First attempts to prepare tricyanomethane (5), also called cyanoform, were reported as early as 1864,[1] but the syntheses could not be reproduced by other authors,[1c] [2] and later it turned out that 5, even if formed, would not have been able to survive the reaction conditions employed. In 1896, Schmidtmann treated sodium tricyanomethanide (1a) with dilute sulfuric acid, and, after addition of diethyl ether, he obtained a three-phase system, which included a greenish yellow middle layer 2 (Scheme [1]).[3] This layer was claimed to contain 5, however, first experiments to remove the solvents did not lead to characterizable products.[4] In 1963, Trofimenko utilized 1b, repeated the synthesis of 2, and called the product ‘aquoethereal cyanoform’.[5] He was successful in liberating 2 from the solvents by rapid evaporation and sublimation and obtained unstable white crystals, to which he erroneously assigned the structure of ketenimine 3. By treating 2 with tertiary amines, such as triethylamine or pyridine, or sterically shielded primary amines, Trofimenko et al. prepared ‘amine salts of tricyanomethane’.[6] Dunitz et al. performed rapid evaporation of 2 without sublimation and isolated single crystals of hydronium tricyanomethanide (4) as confirmed by crystallographic X-ray diffraction studies.[7] In 2017, it turned out that ­Trofimenko’s experiment did not lead to 3 because rapid evaporation and sublimation of 2 actually resulted in the isolation of a mixture of 4 and 5.[8] Single crystals of cyanoform (5) were conveniently available under special conditions of vacuum sublimation and allowed structure verification by X-ray diffraction. Such single crystals could be handled at room temperature for a short time if moisture was excluded. However, 5 could not be characterized in solution by NMR spectroscopy at ambient temperature because of rapid decomposition.[9] Furthermore, 5 was easily transformed into 4, even when only trace amounts of water were present. In particular, mixtures of 4 and 5 underwent dynamic processes leading to extremely broad NMR signals at temperatures between −50 and 0 °C.[9] Consequently, even lower temperatures were necessary and resulted in sharp 13C NMR signals with δ = 108.3 (CN) and 18.7 ppm (central carbon) for pure 5 in THF-d 8 at −70 °C.[8]

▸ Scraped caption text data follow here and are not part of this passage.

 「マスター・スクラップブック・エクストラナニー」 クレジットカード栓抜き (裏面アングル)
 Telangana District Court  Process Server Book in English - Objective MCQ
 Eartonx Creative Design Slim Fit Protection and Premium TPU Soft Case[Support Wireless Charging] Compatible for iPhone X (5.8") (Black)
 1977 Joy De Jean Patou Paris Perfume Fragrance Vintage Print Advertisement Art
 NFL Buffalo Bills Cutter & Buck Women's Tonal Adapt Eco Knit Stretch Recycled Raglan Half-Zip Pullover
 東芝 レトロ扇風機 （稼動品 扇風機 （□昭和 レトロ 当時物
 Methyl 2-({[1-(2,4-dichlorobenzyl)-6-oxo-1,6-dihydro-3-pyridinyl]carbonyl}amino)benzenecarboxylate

Tricyanomethane (5) was not only generated from 1a or 1b via 2, but also by treating 1c with pure, dry hydrogen sulfide,[10] or alternatively by reacting 1d with an excess of anhydrous hydrogen fluoride,[11] and finally by photolysis or short-time thermolysis of azide 7.[8] In the case of precursor 1d, the products 5 and 6 could not be separated. Nevertheless, convincing spectroscopic characterization of 5 was possible.[11] When 7 was photolyzed in solution, the 2H-azirine 8 was formed besides 5, whereas thermolysis of 7 led to 5 and small amounts of 4 only. Irradiation of 7 isolated in an argon matrix did not produce 5, but ketenimine 3 and azirine 8 were formed instead.[8]

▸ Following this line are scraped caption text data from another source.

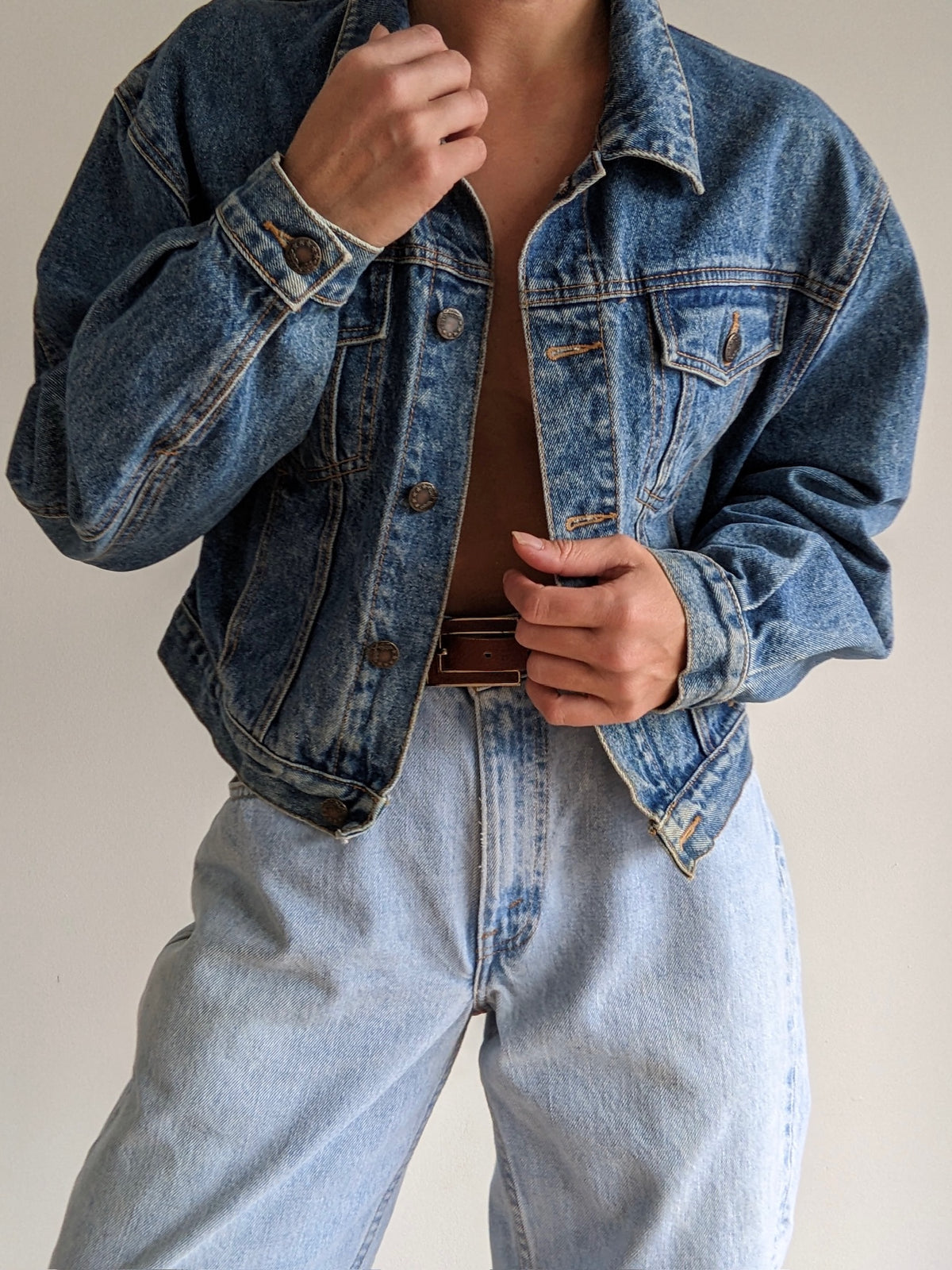 90s Gap Cropped Denim Jacket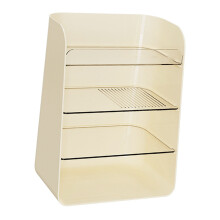 Mehrlagiger Make-up-Organisator Regal 12x17x22,5 cm Platzsparende Badezimmeraufbewahrung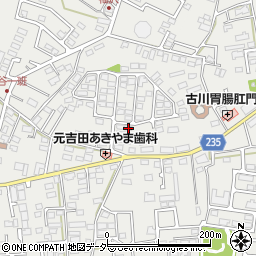 茨城県水戸市元吉田町935-10周辺の地図
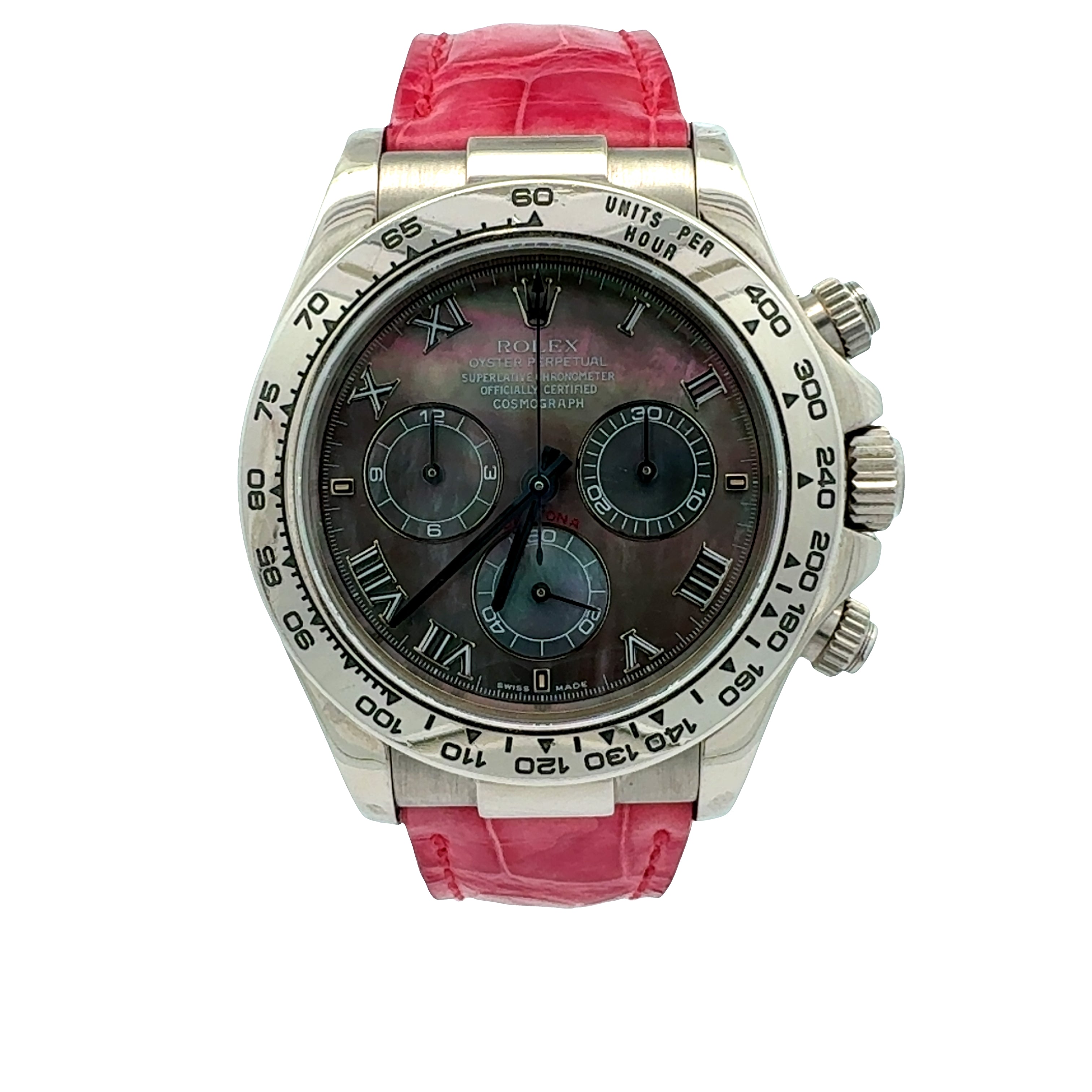 Rolex 18ct White Gold Daytona reference 116519 Factory Tahitian MOP Dial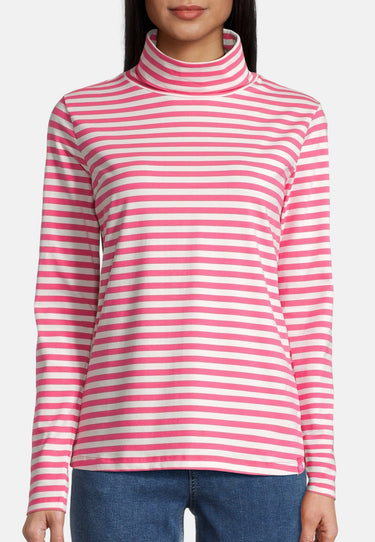salzhaut - NÖßEN Damen normale Passform - Rollkragen - Sweatshirt - Turtleneck - 8 - #farbe_offwhite-pink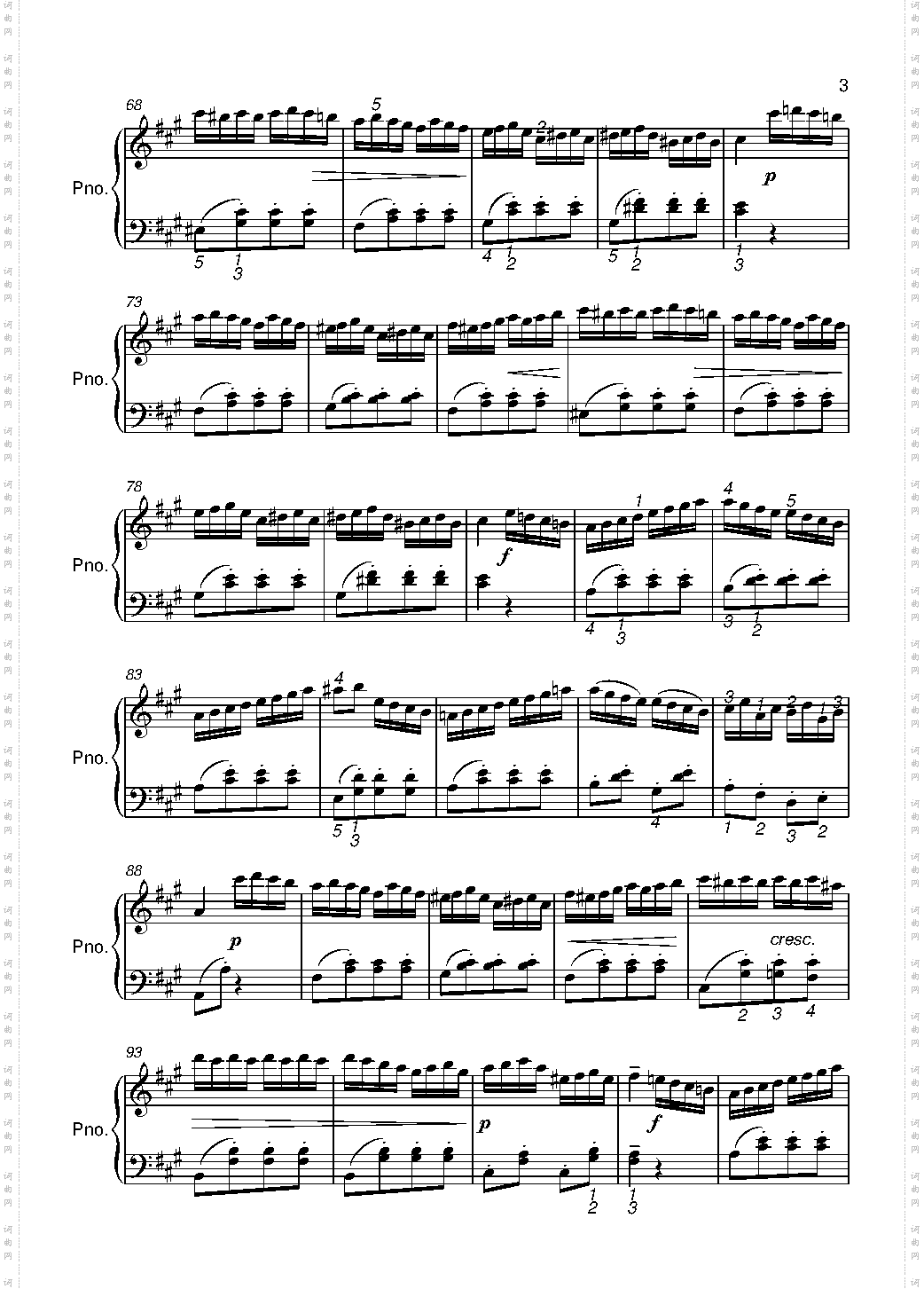 Turkish March精制版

The chemistry of tricyanomethane (5) has been intensively investigated by many chemists in the course of more than 150 years.[4] Its gas-phase structure was analyzed by microwave spectroscopy[10] and photoelectron spectroscopy,[12] and the relative stabilities, spectroscopic features, and isomerization reactions of 3, 5, and other C4HN3 species were studied using quantum-chemical methods.[13] Especially, the acidic properties of 3 and 5 were discussed in detail.[5] [14] Thus, 5 is mentioned in textbooks of organic chemistry as one of the strongest carbon acids.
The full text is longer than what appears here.